:: Excerpted data ::
************

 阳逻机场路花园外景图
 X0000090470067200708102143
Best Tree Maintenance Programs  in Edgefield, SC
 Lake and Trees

************

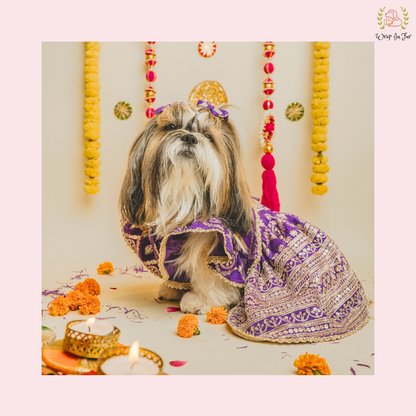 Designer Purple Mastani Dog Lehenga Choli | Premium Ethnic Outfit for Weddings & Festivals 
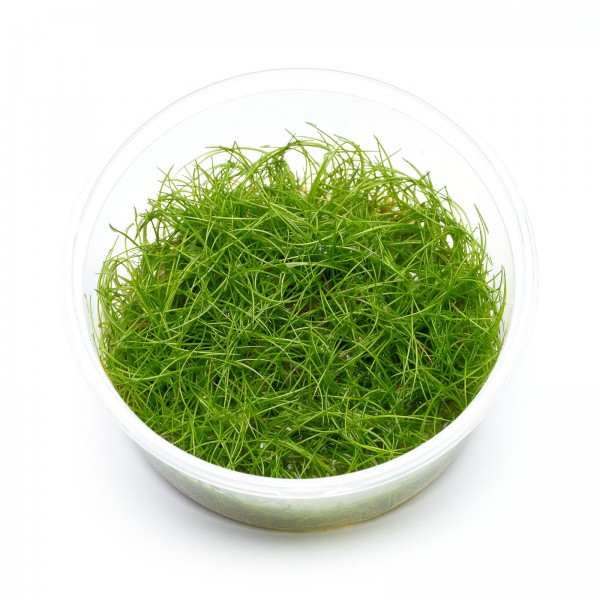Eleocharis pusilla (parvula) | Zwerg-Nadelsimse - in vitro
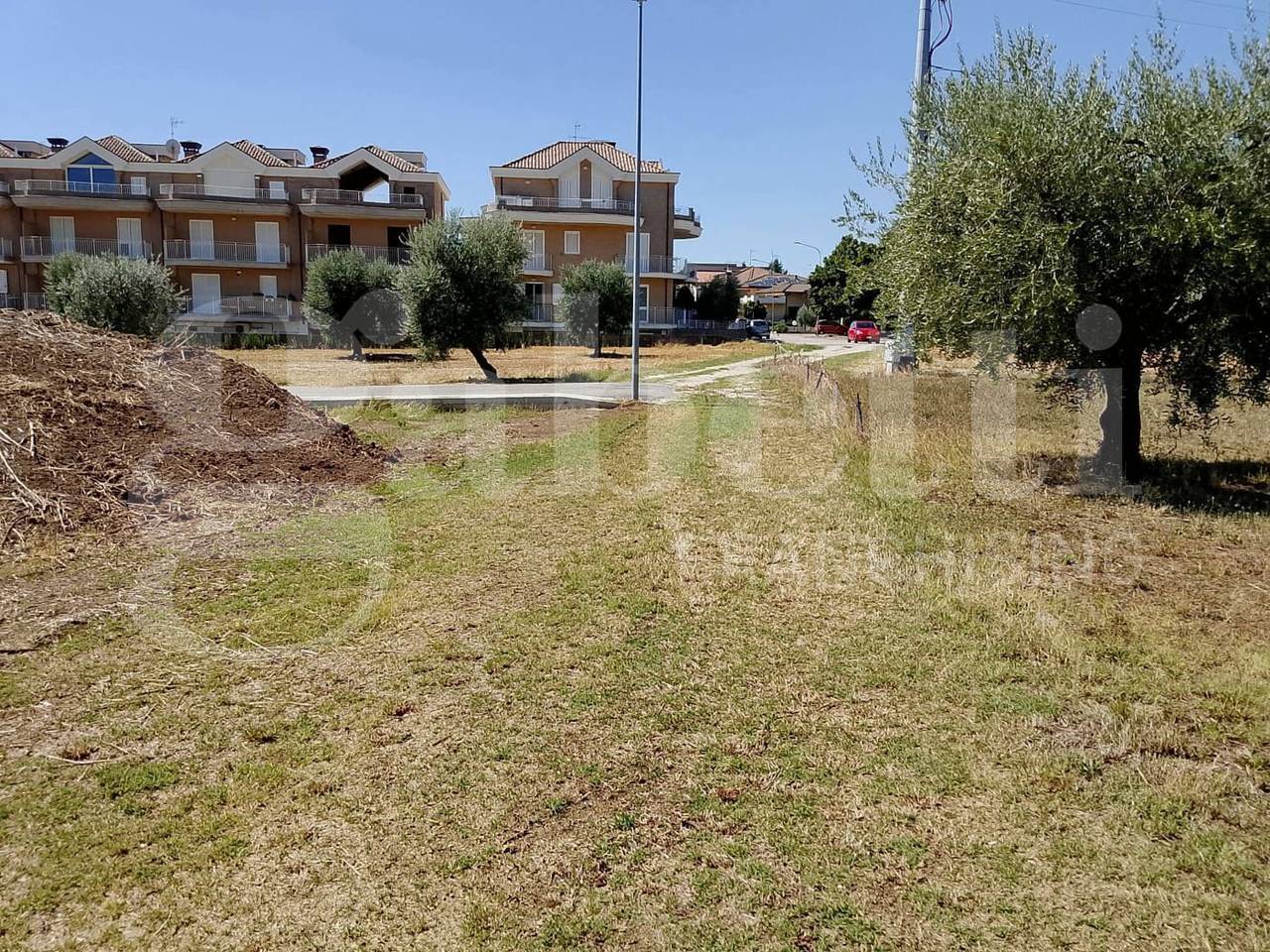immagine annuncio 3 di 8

************

:: About this task ::
Copy exactly, without pictures, the lines above from the one with "Eleocharis pusilla (parvula)" down to the one with "immagine annuncio 3 di 8", inclusive.

:: Task solution ::
Eleocharis pusilla (parvula) | Zwerg-Nadelsimse - in vitro
immagine annuncio 3 di 8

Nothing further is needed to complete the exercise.